The position also finds use in forms of submission wrestling, which is why they generally refer to an arm triangle choke as a head and arm choke.

Kesa gatame variations

There are three different variations of the kesa gatame. The normal kesa gatame, kuzure kesa gatame [modified kesa gatame], and the ushiro kesa gatame [reverse kesa gatame].

Normal kesa gatame 

Normal kesa gatame is where you’re facing toward the head of your partner. You have an overhook with head control and your ribs placed on your opponent’s chest, while putting down heavy pressure.

Your hips shouldn’t be resting on the ground – instead your weight should be resting on just three points of contact: your two feet and your ribs on top of their ribs.

Kuzure kesa gatame

The kuzure kesa gatame, or modified kesa gatame, is almost the same as the traditional kesa gatame except for the arm with head control. Instead of going underneath the head, you instead have a deep underhook. 

This is a fantastic pinning position, and is arguably more secure than traditional kesa – however there are fewer submission opportunities available. We often get into this position after a successful knee slide passes into side-control.

Reverse kesa gatame

Reverse kesa gatame is the exact opposite of the kesa gatame, where you are facing your partner’s knees. In this variation, you hook around your partner’s neck like a north/south choke, while underhooking their near arm.

In BJJ, we use another variation of the reverse kesa gatame without having head control. We usually get to the variation of this position off a reverse half guard pass. It’s also used as a transitional position to get to the mount.

How to get to kesa gatame?

You can get to the kesa gatame position generally in two different ways. Either off of a Judo throw or sweep and from a guard/half guard pass.

Koshi-guruma to kesa gatame

One Judo throw that can put you right into the kesa gatame upon completion is the koshi-guruma.
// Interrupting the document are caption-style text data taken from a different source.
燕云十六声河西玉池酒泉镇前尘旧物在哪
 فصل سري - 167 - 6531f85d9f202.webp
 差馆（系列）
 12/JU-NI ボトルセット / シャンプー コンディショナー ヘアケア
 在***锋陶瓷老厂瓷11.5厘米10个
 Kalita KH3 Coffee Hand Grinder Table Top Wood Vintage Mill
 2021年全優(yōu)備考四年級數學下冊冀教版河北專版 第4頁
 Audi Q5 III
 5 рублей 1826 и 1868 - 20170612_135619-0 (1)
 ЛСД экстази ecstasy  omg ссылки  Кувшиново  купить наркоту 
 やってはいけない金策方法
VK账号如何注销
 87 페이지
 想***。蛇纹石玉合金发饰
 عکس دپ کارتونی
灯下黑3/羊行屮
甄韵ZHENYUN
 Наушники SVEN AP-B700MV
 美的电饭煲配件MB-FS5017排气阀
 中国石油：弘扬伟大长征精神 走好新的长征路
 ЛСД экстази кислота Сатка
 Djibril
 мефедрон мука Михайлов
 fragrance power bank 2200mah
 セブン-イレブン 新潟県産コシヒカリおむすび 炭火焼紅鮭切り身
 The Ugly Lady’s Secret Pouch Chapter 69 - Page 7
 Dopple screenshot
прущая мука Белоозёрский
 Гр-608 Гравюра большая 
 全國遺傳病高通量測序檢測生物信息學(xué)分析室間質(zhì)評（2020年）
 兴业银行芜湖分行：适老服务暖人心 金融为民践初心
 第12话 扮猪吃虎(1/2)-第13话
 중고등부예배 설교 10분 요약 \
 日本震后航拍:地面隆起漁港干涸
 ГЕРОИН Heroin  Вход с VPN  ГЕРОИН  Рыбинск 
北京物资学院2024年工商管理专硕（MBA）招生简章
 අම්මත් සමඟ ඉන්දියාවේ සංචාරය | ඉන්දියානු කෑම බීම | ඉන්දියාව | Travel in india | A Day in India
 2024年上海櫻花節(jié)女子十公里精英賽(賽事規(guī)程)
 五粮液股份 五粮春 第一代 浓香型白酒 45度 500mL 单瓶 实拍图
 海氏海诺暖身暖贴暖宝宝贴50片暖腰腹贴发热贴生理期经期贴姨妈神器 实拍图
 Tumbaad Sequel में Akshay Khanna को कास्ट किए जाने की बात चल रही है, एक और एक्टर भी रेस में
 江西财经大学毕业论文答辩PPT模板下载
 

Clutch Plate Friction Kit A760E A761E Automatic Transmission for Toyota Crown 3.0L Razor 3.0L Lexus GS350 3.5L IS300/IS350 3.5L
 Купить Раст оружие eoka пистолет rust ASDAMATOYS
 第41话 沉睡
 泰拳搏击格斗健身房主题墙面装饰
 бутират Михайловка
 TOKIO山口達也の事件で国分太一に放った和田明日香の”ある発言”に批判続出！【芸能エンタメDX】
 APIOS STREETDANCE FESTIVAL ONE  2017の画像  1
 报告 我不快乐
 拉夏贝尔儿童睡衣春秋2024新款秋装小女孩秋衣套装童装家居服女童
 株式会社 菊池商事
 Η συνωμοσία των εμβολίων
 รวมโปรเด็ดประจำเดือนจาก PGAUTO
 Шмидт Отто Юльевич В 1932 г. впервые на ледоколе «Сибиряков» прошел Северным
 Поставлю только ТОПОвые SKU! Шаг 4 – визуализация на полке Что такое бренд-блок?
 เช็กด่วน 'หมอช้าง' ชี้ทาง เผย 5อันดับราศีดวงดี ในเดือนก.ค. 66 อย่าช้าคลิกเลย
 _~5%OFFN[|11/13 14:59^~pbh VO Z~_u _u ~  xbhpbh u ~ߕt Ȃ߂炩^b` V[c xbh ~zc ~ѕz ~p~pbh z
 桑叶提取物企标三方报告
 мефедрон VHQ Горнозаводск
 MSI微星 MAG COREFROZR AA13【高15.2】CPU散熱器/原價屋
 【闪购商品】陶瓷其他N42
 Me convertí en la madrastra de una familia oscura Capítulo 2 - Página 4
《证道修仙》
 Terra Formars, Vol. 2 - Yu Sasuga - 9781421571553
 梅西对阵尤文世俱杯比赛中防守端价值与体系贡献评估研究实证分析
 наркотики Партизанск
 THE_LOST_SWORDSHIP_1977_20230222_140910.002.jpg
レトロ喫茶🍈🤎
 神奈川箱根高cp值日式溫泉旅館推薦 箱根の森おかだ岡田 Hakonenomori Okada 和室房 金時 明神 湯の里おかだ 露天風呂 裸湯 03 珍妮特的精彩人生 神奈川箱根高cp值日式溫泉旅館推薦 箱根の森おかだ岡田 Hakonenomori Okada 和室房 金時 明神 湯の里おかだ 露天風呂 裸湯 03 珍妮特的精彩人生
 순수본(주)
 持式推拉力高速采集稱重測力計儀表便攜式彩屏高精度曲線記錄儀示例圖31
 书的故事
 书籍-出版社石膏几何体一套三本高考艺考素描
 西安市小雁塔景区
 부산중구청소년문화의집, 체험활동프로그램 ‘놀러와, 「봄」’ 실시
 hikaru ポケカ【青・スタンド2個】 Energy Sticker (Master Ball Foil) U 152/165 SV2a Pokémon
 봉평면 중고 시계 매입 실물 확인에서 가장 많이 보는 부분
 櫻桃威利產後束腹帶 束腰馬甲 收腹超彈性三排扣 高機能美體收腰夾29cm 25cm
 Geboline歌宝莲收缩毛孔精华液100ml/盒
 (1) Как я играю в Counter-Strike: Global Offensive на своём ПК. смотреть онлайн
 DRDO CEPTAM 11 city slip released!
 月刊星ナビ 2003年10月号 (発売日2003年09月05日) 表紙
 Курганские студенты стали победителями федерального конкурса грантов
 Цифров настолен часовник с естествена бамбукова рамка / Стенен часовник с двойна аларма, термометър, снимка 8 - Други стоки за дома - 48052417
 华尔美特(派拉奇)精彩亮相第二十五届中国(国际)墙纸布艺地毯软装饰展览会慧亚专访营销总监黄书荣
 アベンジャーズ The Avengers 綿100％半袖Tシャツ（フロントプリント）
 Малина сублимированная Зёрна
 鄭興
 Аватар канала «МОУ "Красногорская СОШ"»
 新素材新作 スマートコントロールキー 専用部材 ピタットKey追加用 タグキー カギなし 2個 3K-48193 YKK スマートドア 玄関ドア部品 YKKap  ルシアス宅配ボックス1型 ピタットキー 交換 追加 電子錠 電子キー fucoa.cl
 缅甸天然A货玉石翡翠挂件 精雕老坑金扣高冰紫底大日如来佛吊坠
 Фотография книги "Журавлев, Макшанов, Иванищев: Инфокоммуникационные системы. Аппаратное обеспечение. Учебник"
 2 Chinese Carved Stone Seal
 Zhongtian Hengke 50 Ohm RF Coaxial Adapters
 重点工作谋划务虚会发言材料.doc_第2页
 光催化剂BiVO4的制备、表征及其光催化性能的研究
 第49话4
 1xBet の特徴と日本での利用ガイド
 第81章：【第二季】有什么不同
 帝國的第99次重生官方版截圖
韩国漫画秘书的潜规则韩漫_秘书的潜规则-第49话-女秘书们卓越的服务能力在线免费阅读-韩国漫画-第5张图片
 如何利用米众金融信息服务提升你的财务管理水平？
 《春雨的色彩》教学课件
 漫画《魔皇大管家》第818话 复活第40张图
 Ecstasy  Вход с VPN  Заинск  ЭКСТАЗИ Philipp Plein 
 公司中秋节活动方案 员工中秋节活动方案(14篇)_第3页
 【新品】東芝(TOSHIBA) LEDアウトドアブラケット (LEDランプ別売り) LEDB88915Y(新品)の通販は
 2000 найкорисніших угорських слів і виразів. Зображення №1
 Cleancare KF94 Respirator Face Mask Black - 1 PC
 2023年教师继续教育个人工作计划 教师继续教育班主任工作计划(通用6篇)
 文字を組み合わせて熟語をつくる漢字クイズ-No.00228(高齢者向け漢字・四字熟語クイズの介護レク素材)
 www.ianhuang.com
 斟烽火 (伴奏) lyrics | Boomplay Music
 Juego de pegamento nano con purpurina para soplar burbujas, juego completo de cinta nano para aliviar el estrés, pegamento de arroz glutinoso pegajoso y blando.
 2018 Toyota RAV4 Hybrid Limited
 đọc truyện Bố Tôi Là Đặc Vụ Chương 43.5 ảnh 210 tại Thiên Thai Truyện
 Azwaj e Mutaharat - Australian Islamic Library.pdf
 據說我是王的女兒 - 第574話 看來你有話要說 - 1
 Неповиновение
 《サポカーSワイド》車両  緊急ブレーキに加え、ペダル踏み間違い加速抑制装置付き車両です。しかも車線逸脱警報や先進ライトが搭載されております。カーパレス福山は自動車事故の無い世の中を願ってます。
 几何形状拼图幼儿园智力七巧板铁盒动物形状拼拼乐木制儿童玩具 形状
It’s very simple to execute and only has a few steps.

Break partner’s posture

The first step is to break your partner’s posture. Take a standard collar and sleeve grip, then step back as you pull your opponent’s head down.

Penetration step & back step 

After breaking your partner’s posture, you’re going to take a penetration step and back step between their legs. These steps put you in place to perform your throw.

Hook the head

As you’re executing your penetration step, you’re going to hook your arm around your opponent’s head. Be sure to use your arm to pull your partner’s head down and really break their posture.

Finish to kesa gatame

In one fluid motion as you’re pulling down on your partner’s head, pull them over your hip, and take them over. Once they hit their back, you’re going to follow them right down into the kesa gatame side-control.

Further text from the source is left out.